I was saddened to read that George Tooker had died Sunday.
I have only just begun to appreciate his work, and that of his circle, and now he has passed, link to NYT obituary.
George Clair Tooker Jr.
b. 5th August 1920
d. 27th March 2011
Described as a Symbolist and a Magic Realist, labels he eschewed ; I find in Tooker’s work ( this is certainly not an original thought ) a strong link to the Renaissance, in particular the work of Piero della Francesca. It is not just his medium, egg tempera, that calls this association to mind, his sensibilities, though decidedly modern, have strong roots in the rich Renaissance tradition, a modernist Neo-Renaissance perhaps.
Pierro della Francesca
St. Sebastian and St. John the Baptist
part of the Windows series, 1950-1960.
Having a strong determination to paint, which was contrary to parental desire, Tooker majored in English Literature at Harvard ( this boy was no slouch) yet continued to paint.

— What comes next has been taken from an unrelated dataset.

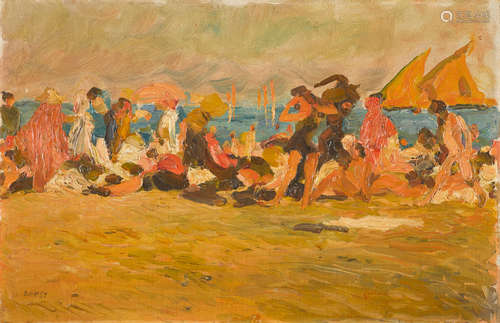 Venice, Lido beach 19.5 x 29.3cm (7 3/4 x 11 5/8in). Leon Bakst(Russian, 1866-1924)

His circle included Reginald Marsh, Paul Cadmus ( who introduced Tooker to egg tempera) and Jared French; fine company, tremendous inspiration.

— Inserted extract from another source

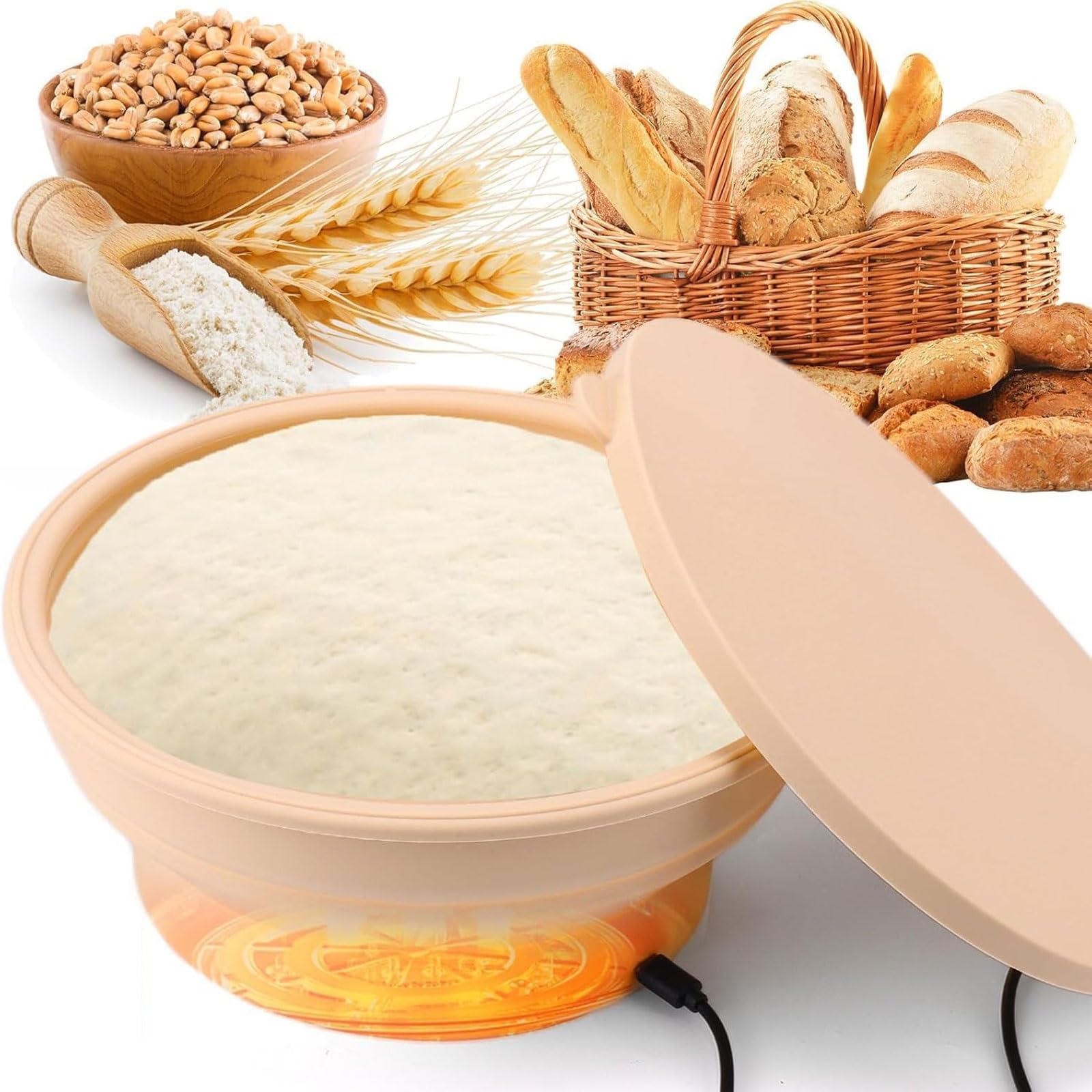 Banneton chauffant pliable en silicone de 9 pouces avec couvercle en graphène pour pain au levain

Difficult to ignore a certain resemblance.
Perhaps his most disturbing portrait is Children and Spastics , three effeminate men being pummeled by little monsters. Was this mocking? empathetic? or merely an observation?
It is striking, and quite modern.
Children and Spastics
Museum of Contemporary Art
I was first drawn to Tookers work due to the following image, it is easy to understand my attraction.
Difficult to ignore the Pieta reference.
As I mentioned with the earlier image, Tooker created a series, Windows, during the 50’s and 60’s; comely Puerto Rican neighbors being his inspiration.
After his longtime partner the painter William Christopher died in 1973 ( they had met in ’49, quite a commitment ), Tooker was understandably devastated. He followed a path I can sympathize with, he found comfort in the arms of the Mother Church, and moved to Vermont. Seems quite sensible.
The following link is a recent interview he gave to Vermont Public Radio, it’s a treat to hear his thoughts.
sourced from the New York Times
I found a rather complete gallery of Tooker’s work, unfortunately much isn’t titled or dated, but the images are ravishing.
It is a great loss, we will miss out on new Tooker paintings, mysterious, gorgeous work; fortunately he left a large body of work to absorb, contemplate and enjoy.